So from this I gather that the dot operator in .* is still not supported, is that it?
Anyhow, since I’m only trying to benchmark for now I remove the dot operator:

function f(x)
#    x.*learn_p
    for i in 1:length(x)
      x[i]*=learn_p
    end
    x
end

Which in turn gets me:

MethodError: Cannot `convert` an object of type TrackedArray{…,CuArray{Float64,1}} to an object of type Float64
Closest candidates are:
  convert(::Type{Float64}, !Matched::SymEngine.BasicType{Val{:RealDouble}}) at /home/andrew/.julia/packages/SymEngine/6KyFJ/src/numerics.jl:35
  convert(::Type{Float64}, !Matched::SymEngine.Basic) at /home/andrew/.julia/packages/SymEngine/6KyFJ/src/numerics.jl:160
  convert(::Type{Float64}, !Matched::LLVM.ConstantFP) at /home/andrew/.julia/packages/LLVM/tPWXv/src/core/value/constant.jl:86
  ...
in top-level scope at base/util.jl:156
in train! at Flux/8XpDt/src/optimise/train.jl:70
in #train!#12 at Flux/8XpDt/src/optimise/train.jl:72
in macro expansion at Juno/nDCSn/src/progress.jl:124 
in macro expansion at Flux/8XpDt/src/optimise/train.jl:74 
in loss at flux_example.jl:290
in  at Flux/8XpDt/src/layers/basic.jl:33
in applychain at Flux/8XpDt/src/layers/basic.jl:31 
in #254 at flux_example.jl:288 
in f at flux_example.jl:283
in setindex! at base/array.jl:767

So I figure I should explicitly do the conversion:

function f(x)
#    x.*learn_p
    x = convert(typeof(learn_p),x)
    for i in 1:length(x)
      x[i]*=learn_p
    end
    x
end

However:

MethodError: no method matching CuArray{Float32,1}(::UndefInitializer, ::Tuple{Int64,Int64})
Closest candidates are:
  CuArray{Float32,1}(::UndefInitializer, ::Tuple{Vararg{Int64,N}}) where {T, N} at /home/andrew/.julia/packages/CuArrays/PD3UJ/src/array.jl:33
  CuArray{Float32,1}(!Matched::LinearAlgebra.UniformScaling, ::Tuple{Int64,Int64}) at /home/andrew/.julia/packages/GPUArrays/t8tJB/src/construction.jl:30
  CuArray{Float32,1}(!Matched::CUDAdrv.Mem.Buffer, ::Tuple{Vararg{Int64,N}}; offset, own) where {T, N} at /home/andrew/.julia/packages/CuArrays/PD3UJ/src/array.jl:11
  ...
in top-level scope at base/util.jl:156
in train! at Flux/8XpDt/src/optimise/train.jl:70
in #train!#12 at Flux/8XpDt/src/optimise/train.jl:72
in macro expansion at Juno/nDCSn/src/progress.jl:124 
in macro expansion at Flux/8XpDt/src/optimise/train.jl:74 
in loss at flux_example.jl:291
in  at Flux/8XpDt/src/layers/basic.jl:33
in applychain at Flux/8XpDt/src/layers/basic.jl:31 
in #256 at flux_example.jl:289 
in f at flux_example.jl:282
in convert at Flux/8XpDt/src/tracker/lib/array.jl:41
in convert at GPUArrays/t8tJB/src/construction.jl:80
in similar at base/abstractarray.jl:618

So I’m a bit lost right now. Any help would be appreciated.

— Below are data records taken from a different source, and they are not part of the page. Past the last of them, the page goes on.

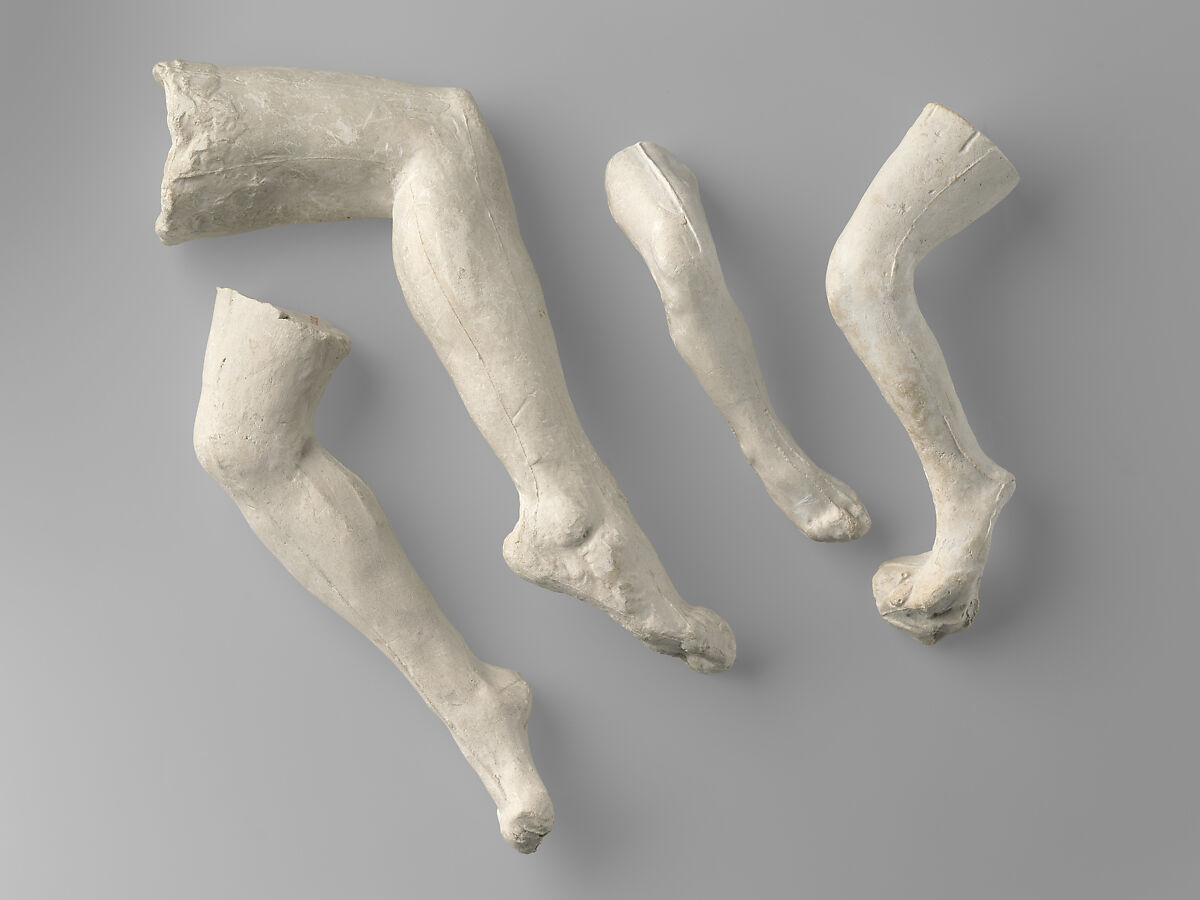 Study of a leg, Auguste Rodin (French, Paris 1840–1917 Meudon), Cast plaster, French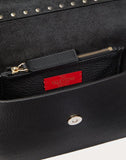WOMEN'S VALENTINO GARAVANI SMALL ROCKSTUD GRAINY CALFSKIN CROSSBODY BAG BLACK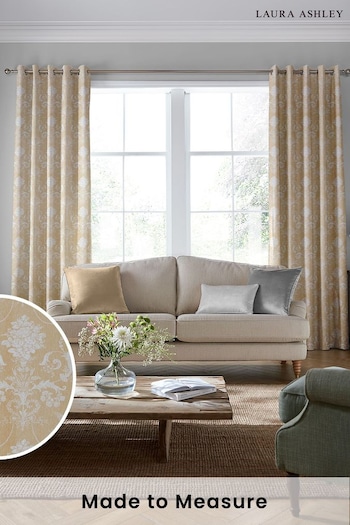 Laura Ashley Gold Josette Woven Made To Measure Curtains (U00159) | £91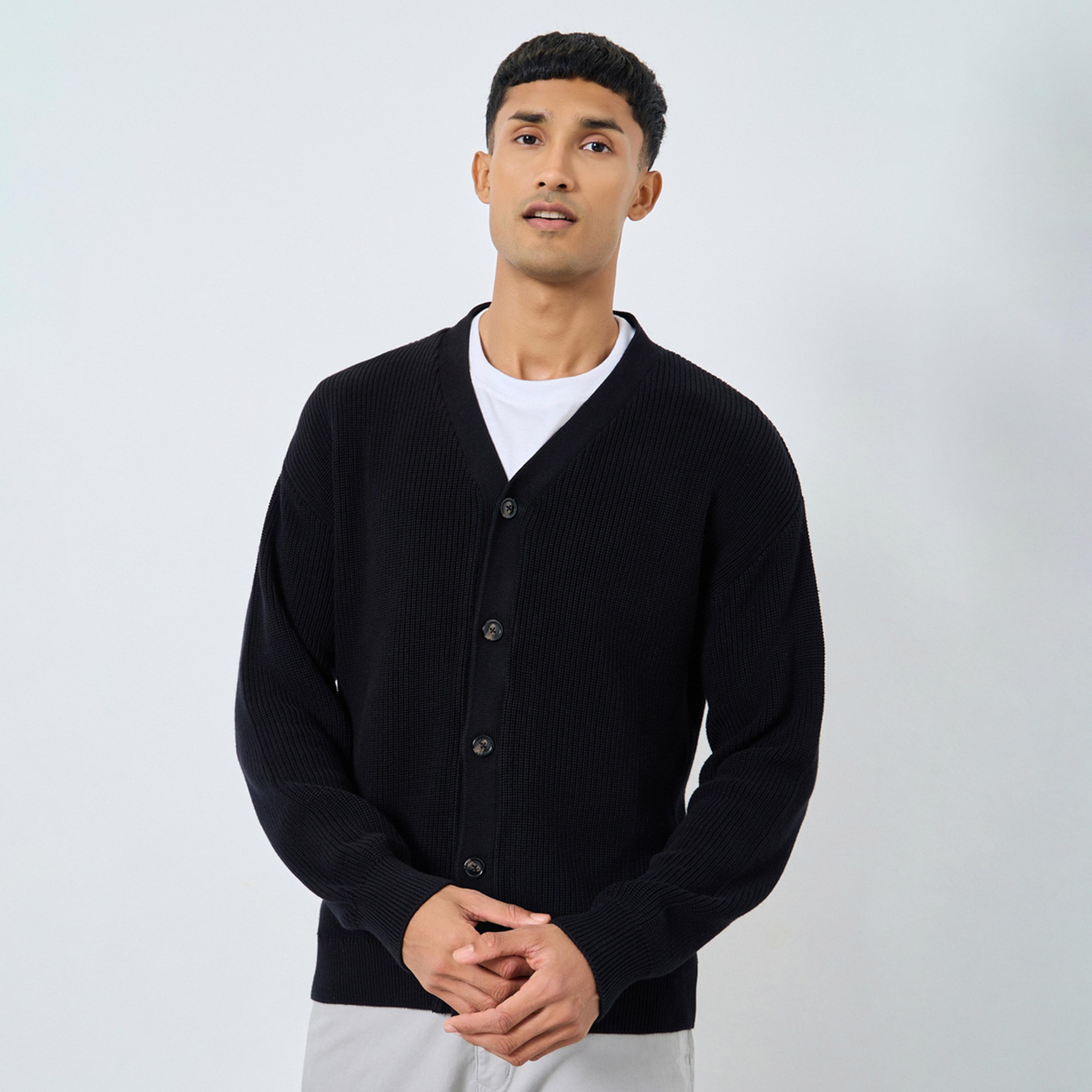 Styli Men Black Knit Cardigan with Button Placket-men-clothing-sweatersandpullovers-image-1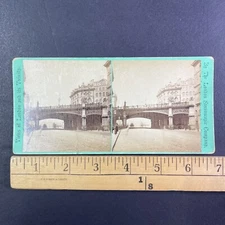 Holborn Viaduct London England Stereoview Ex-Treadwell Antique c1870 Y14112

Can you try to run CuArrays.allowscalar(false) and see if your code still runs?

That didn’t do it. But I just managed to figure out what I was doing wrong. I simply had to feed the GPU not only the parameter learn_p and the model_chain but also the rand_data and label.

So this works.

learn_p = param([7.71]) |> gpu
function f(x)
    x.*learn_p
end
# Single layer neural network
model_chain = Chain(x -> f(x)) |> gpu
tracking = params(learn_p)
loss(x,y) = sum(abs2, model_chain(x) - y)
rand_data = rand((1.0:0.1:100.0),500,500) |> gpu
label = rand_data.*2 |> gpu
data = Iterators.repeated((rand_data, label), 5000)
@time Flux.train!(loss, tracking, data, ADAM(0.1))

Aside from added |> gpu flags, notice a few more changes:

I bumped the rand_data array from 1x100 to 500x500.

CUDA does not understand label = rand_data.*[2]. However, label = rand_data.*2 does the job.

So, what I’ve learned:
Unless I’m missing something, CPU is much faster than CUDA for “small” data. Solving the above problem using the original 1x100 array hinted me to that. That’s a bummer (to me at least). I thought I could get a speed up on solving “small” problems, however minimal. But using CUDA with the 1x100 array made it actually perform worse than using the CPU. On the other hand, CUDA really shines while solving the 500x500 array.